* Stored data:
......
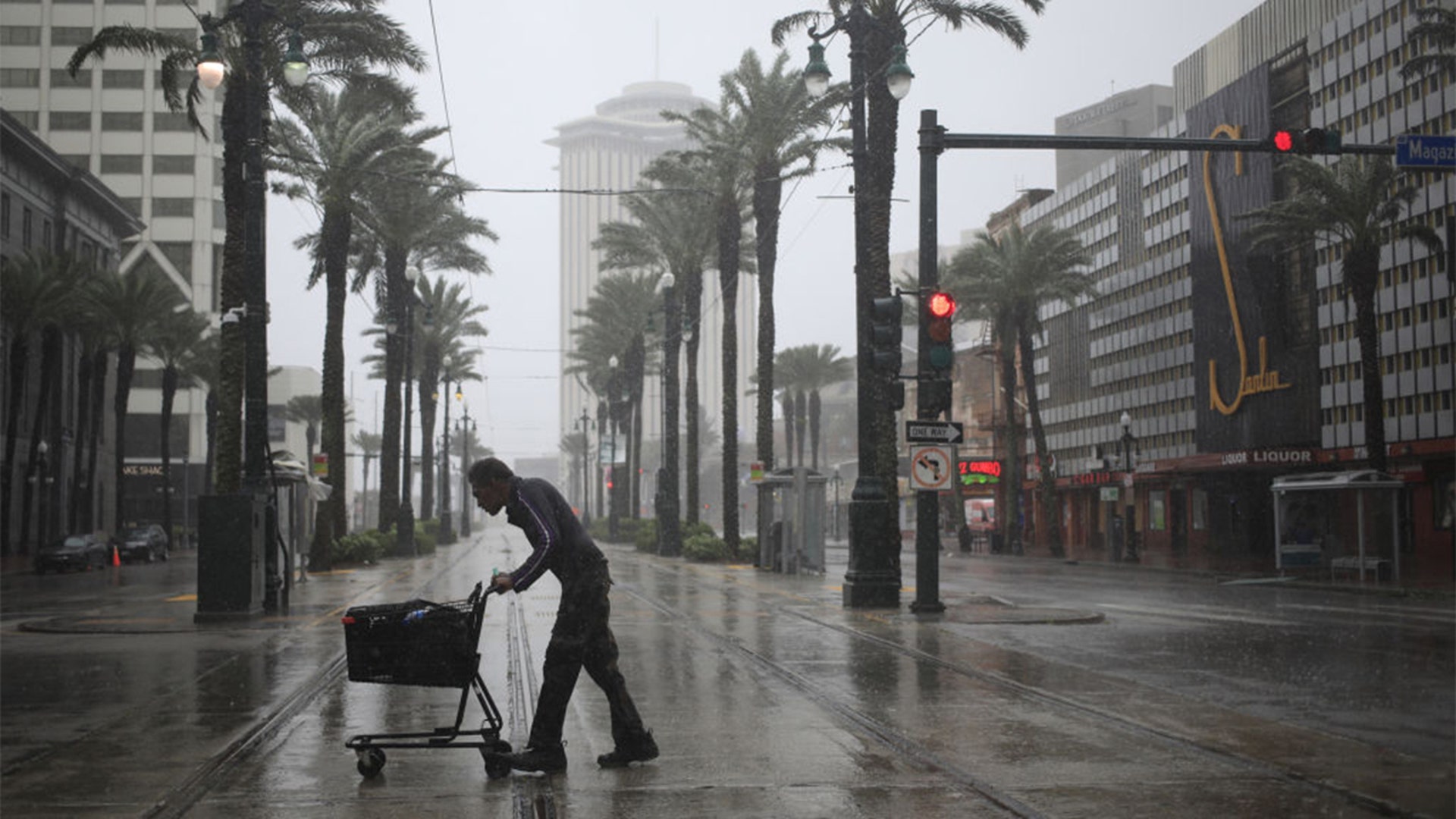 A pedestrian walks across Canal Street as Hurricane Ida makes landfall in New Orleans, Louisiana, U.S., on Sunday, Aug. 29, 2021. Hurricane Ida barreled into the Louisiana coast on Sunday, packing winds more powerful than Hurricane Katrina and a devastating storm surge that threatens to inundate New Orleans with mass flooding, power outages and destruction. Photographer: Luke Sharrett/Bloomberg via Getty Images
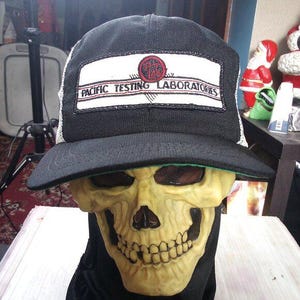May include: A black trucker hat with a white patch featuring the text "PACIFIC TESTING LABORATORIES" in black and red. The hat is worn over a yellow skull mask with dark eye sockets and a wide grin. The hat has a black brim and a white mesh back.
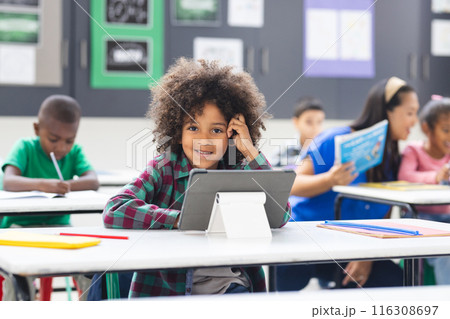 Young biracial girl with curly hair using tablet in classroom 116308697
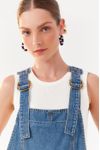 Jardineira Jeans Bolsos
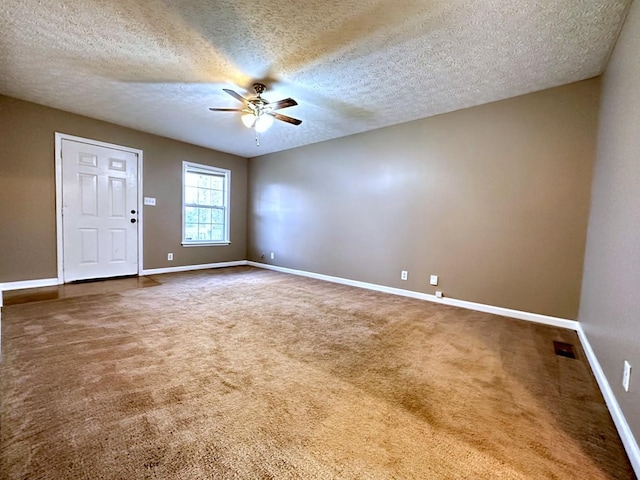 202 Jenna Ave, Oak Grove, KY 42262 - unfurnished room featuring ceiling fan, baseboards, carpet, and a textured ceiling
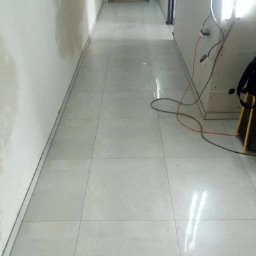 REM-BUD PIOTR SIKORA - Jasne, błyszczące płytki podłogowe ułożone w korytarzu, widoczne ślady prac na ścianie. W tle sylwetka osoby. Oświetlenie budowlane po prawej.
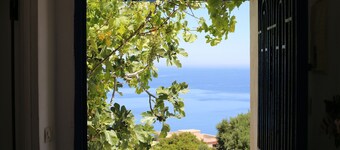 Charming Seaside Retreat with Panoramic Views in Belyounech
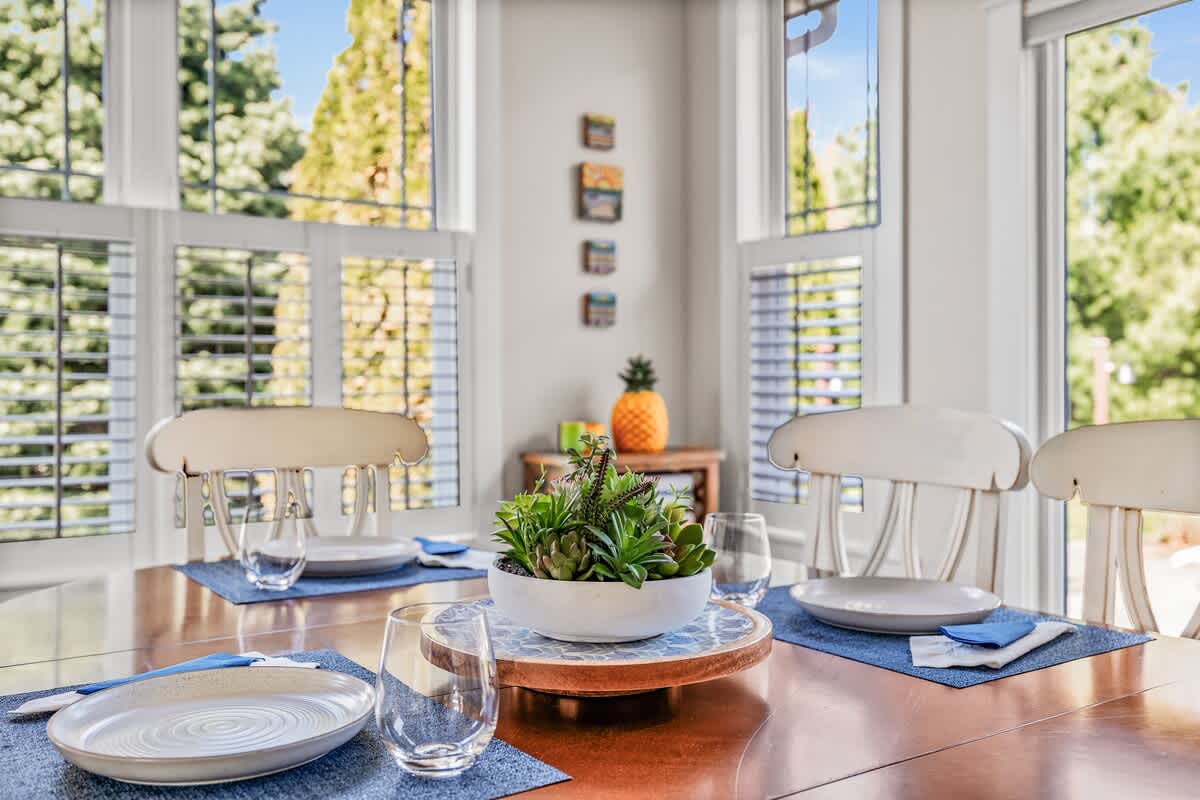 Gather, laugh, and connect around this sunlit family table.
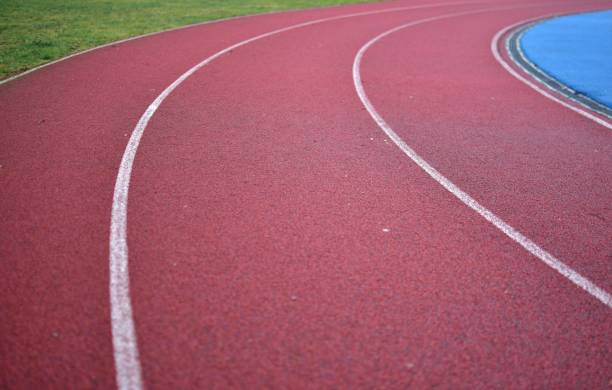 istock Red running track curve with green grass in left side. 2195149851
......
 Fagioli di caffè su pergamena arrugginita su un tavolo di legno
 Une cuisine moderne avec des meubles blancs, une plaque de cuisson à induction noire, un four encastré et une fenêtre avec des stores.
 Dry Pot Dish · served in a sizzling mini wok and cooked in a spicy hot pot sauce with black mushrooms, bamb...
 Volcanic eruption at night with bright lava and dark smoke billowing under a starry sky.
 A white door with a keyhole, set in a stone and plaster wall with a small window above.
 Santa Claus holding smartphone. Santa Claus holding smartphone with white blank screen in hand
......
From the line holding "Dry Pot Dish" to the line holding "Santa Claus holding smartphone.", inclusive, restate each line above exactly as written.

* Answer to this exercise:
 Dry Pot Dish · served in a sizzling mini wok and cooked in a spicy hot pot sauce with black mushrooms, bamb...
 Volcanic eruption at night with bright lava and dark smoke billowing under a starry sky.
 A white door with a keyhole, set in a stone and plaster wall with a small window above.
 Santa Claus holding smartphone. Santa Claus holding smartphone with white blank screen in hand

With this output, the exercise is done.